Close Encounters of the Third Kind is Steven Spielberg's classic sci-fi film about a journey into the extraordinary. In the climactic scene, everything becomes eerily quiet as our protagonist (played by Richard Dreyfuss) is left awestruck when the vast alien mothership is revealed. We see the curved exterior, festooned with lights and protrusions of unknown technology, as well as a small, upside-down R2-D2 clinging to the bottom.

Wait... what? Yup, there it is. If you blink, you'll miss it, but there's a small model of the lovable droid from Star Wars glued to the underside of the ship. The person who built the model used for filming shots of the mothership was clearly a Star Wars fan. Perhaps it was Spielberg himself, in a nod to his colleague George Lucas.

This is an Easter egg — a hidden message, image, or figure that usually represents an in-joke, cultural reference, or personal connection. It's something that creators intentionally insert into their work, but it isn't the focus of the work itself. The best Easter eggs are clever or delightful in a manner that is special to both the people who put them there and those in-the-know users who find them, creating a bond between creators and fans.

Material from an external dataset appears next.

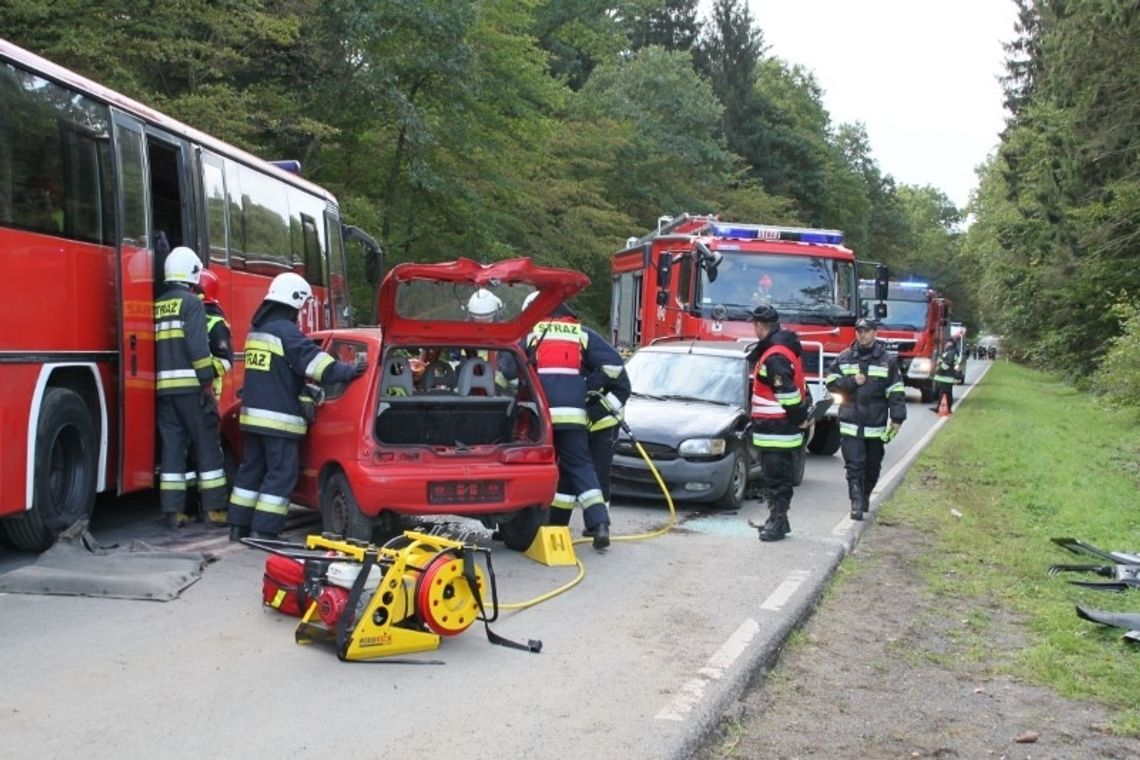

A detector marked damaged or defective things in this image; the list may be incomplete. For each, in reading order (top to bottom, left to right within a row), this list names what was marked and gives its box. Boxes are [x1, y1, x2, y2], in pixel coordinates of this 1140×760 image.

damaged red hatchback [226, 258, 592, 548]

The name is derived from the traditional hunt for painted eggs at Easter. The nature of software development — particularly the creation of video games — has provided ample opportunity for software engineers and designers to include Easter eggs in their creations. Software is complex and games are a natural place to leave puzzles behind. Hiding away a little message is relatively easy to do and can often go unnoticed.

Classic Easter eggs include pictures of the development team locked away in the memory of the early Apple Macintosh. Or the 3D text screensaver on many versions of Microsoft Windows, which would cycle through names of the world's volcanoes if you typed 'volcano' as the text to display.

Google prides itself on being a playful company, and the engineering and design teams have a long history of inserting Easter eggs here and there. Perhaps you've tried to get directions from Google Maps for traveling between New York and Tokyo. Or maybe you were curious to see what happens when searching Google for 'do a barrel roll.' You may have wanted to know more about 'recursion.'

The very first Google Easter egg is believed to be 'the answer to life, the universe, and everything.' If you type that phrase into the search bar, Google will tell you it's '42' — a reference to Douglas Adams' The Hitchhiker's Guide to the Galaxy. Some Easter eggs are targeted at a specific locale. In the UK, if you search for 'jason isaacs' you'll be greeted with the message 'Hello to Jason Isaacs,' a reference to an in-joke popularized by BBC Radio Five Live's Film Review.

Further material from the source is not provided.